- ASSIGNED TASK -
Task for the records below: copy exactly, and only, the line containing "Cover for Antonello" and every line after it to the end, with pictures left out.

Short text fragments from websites

********************

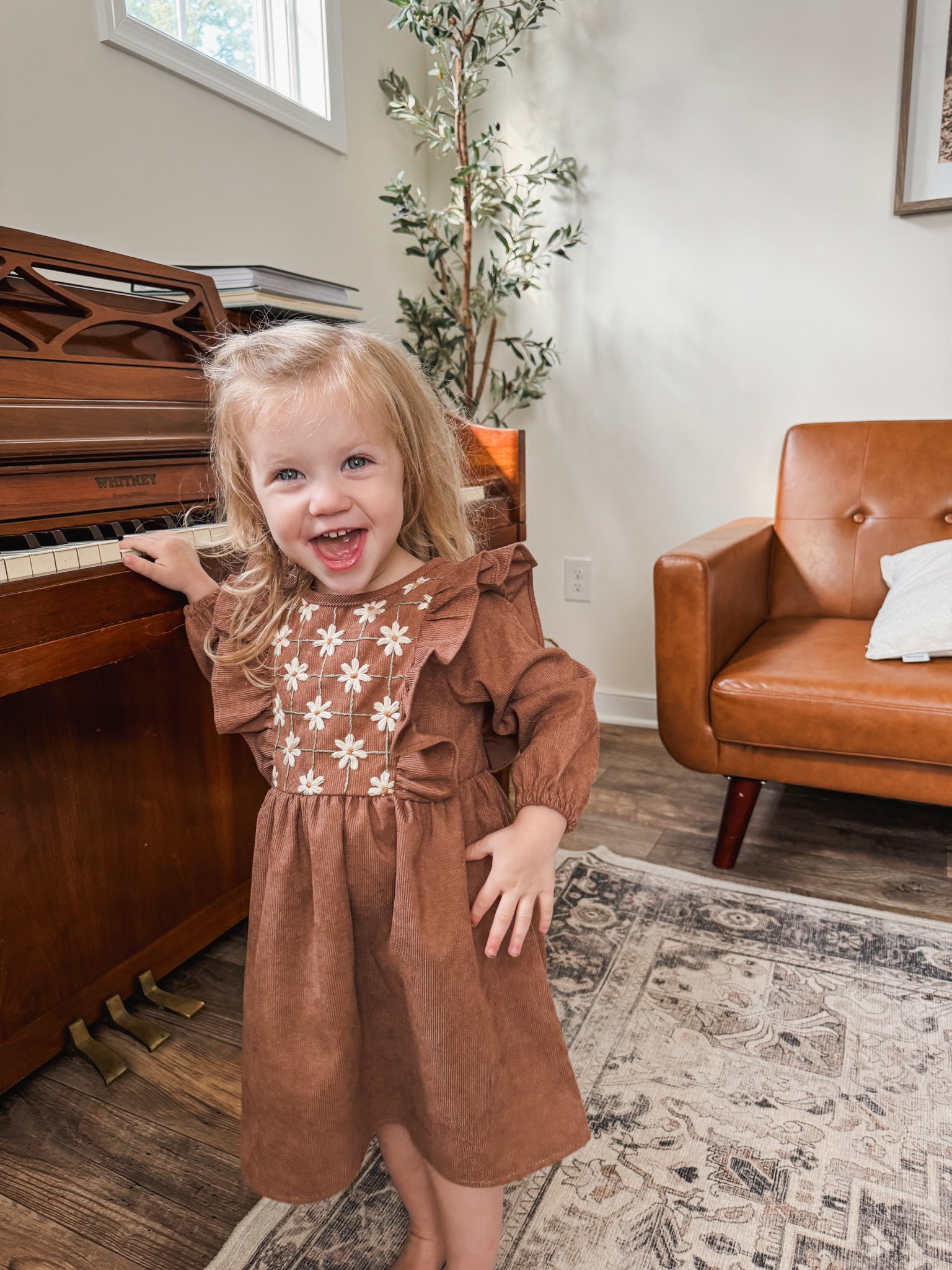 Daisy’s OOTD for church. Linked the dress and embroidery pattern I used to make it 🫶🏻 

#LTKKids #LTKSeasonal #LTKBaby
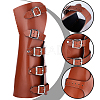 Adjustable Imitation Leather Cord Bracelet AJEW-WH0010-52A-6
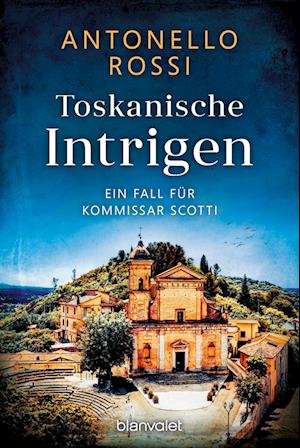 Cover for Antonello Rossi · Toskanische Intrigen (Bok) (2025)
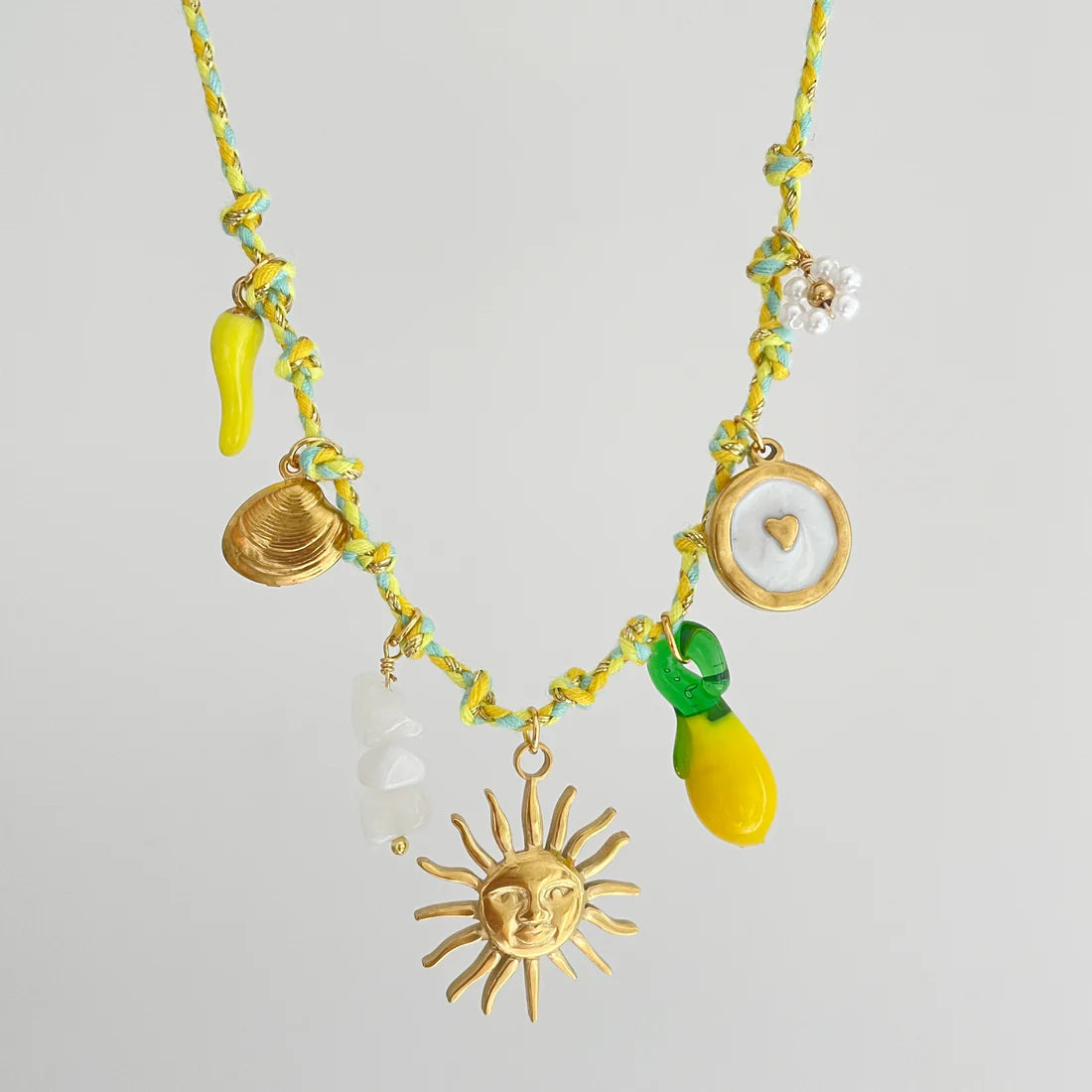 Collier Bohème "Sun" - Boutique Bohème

********************

- WRITTEN ANSWER -
 Cover for Antonello Rossi · Toskanische Intrigen (Bok) (2025)
 Collier Bohème "Sun" - Boutique Bohème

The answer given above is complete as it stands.